Coursera NLP Module 1 Week 4 Notes
Machine Translation: An Overview
Transforming word vector
Given a set of english words X, a transformation matrix R and a desired set of french word Y the transformation
- \[XR \approx Y\]
- We initialize the weights R randomly and in a loop execute the following steps
- \[Loss = || XR - Y||_F\]
- \[g = \frac{d}{dR} Loss\]
- \[R = R - \alpha g\]
The Frobenius Norm takes all the squares of each elements of the matrix and sum them up.
- \[||A||_F = \sqrt{\sum_{i=1}^{m} \sum_{j=1}^{n} |a_{ij}|^2}\]
To simplify we can take the norm squared, thus:
- \[||A||^2_F = \sum_{i=1}^{m} \sum_{j=1}^{n} |a_{ij}|^2\]
Gradient:
- \[g = \frac{d}{dR} Loss = \frac{2}{m} (X^T (XR-Y))\]

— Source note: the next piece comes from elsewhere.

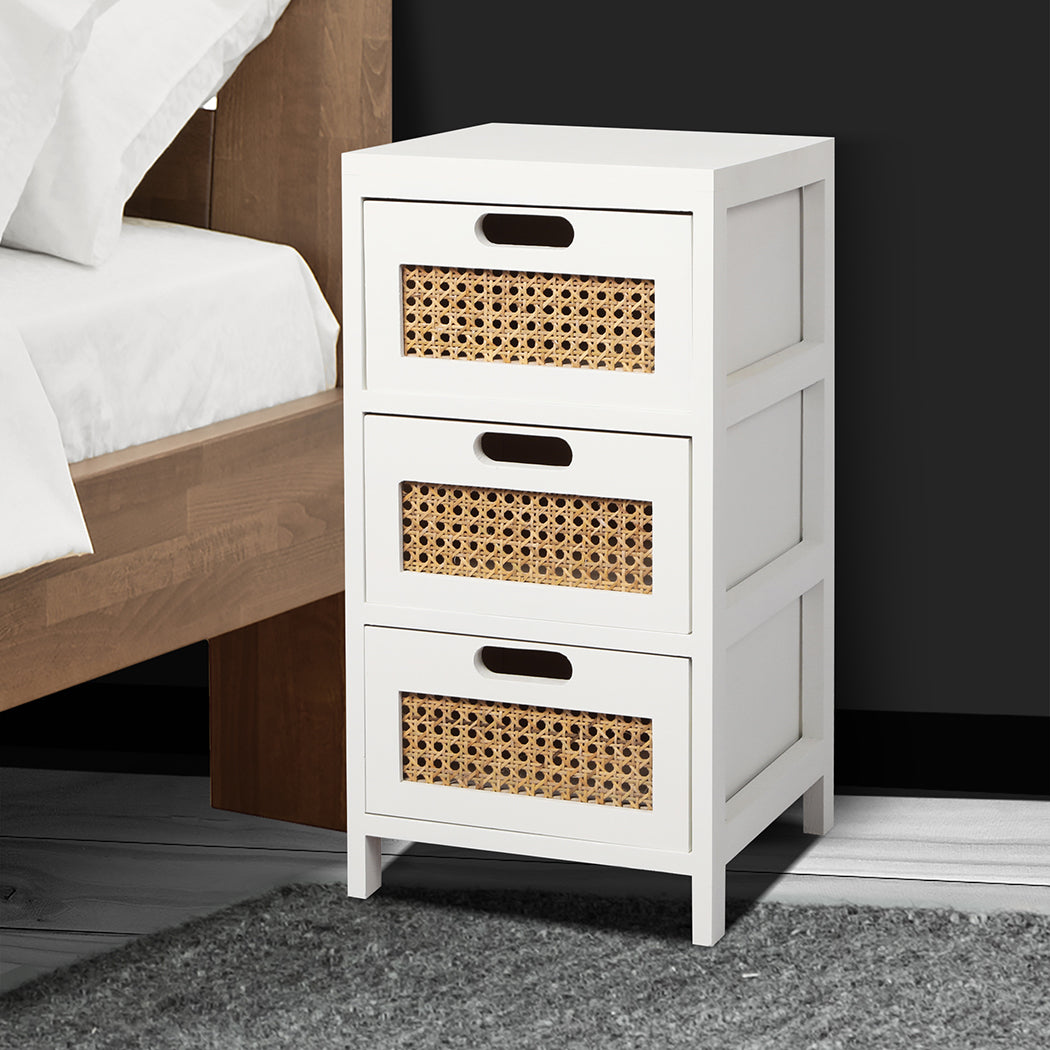 Bedside Tables Drawers Side Table Paulownia Wood Storage Cabinet White Levede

Hash tables and hash functions
Hash might skip other proprieties of the itens being hashed. To ensure that the itens are hashed accordingly we will use Locality sensitive hashing.
Locality sensitive hashing
With multiple plans we can use a binary encoding to give the hash of the position given by the position.